Problem to solve →
Of the material below, the lines to be retyped are those from the line containing "Definition ischemic stroke" through the line containing "Můžete ovládat různá", inclusive; reproduce them exactly.

*** Material provided

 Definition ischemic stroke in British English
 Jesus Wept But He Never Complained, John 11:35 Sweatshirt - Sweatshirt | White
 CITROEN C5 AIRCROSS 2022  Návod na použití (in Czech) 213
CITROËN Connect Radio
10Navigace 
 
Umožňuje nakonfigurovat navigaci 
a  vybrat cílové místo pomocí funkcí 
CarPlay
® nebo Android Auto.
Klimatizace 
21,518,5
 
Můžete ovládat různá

******
*** Material provided

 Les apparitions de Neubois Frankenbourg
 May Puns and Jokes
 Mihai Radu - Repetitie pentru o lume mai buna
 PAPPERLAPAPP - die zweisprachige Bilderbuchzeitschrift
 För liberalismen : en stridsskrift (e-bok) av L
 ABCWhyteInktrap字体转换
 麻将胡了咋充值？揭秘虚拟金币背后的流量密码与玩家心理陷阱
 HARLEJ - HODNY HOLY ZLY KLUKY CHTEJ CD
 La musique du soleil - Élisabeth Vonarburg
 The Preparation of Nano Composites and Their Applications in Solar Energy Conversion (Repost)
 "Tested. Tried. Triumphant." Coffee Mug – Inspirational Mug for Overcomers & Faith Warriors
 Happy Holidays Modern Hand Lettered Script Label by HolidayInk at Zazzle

******

Output for this task →
 Definition ischemic stroke in British English
 Jesus Wept But He Never Complained, John 11:35 Sweatshirt - Sweatshirt | White
 CITROEN C5 AIRCROSS 2022  Návod na použití (in Czech) 213
CITROËN Connect Radio
10Navigace 
 
Umožňuje nakonfigurovat navigaci 
a  vybrat cílové místo pomocí funkcí 
CarPlay
® nebo Android Auto.
Klimatizace 
21,518,5
 
Můžete ovládat různá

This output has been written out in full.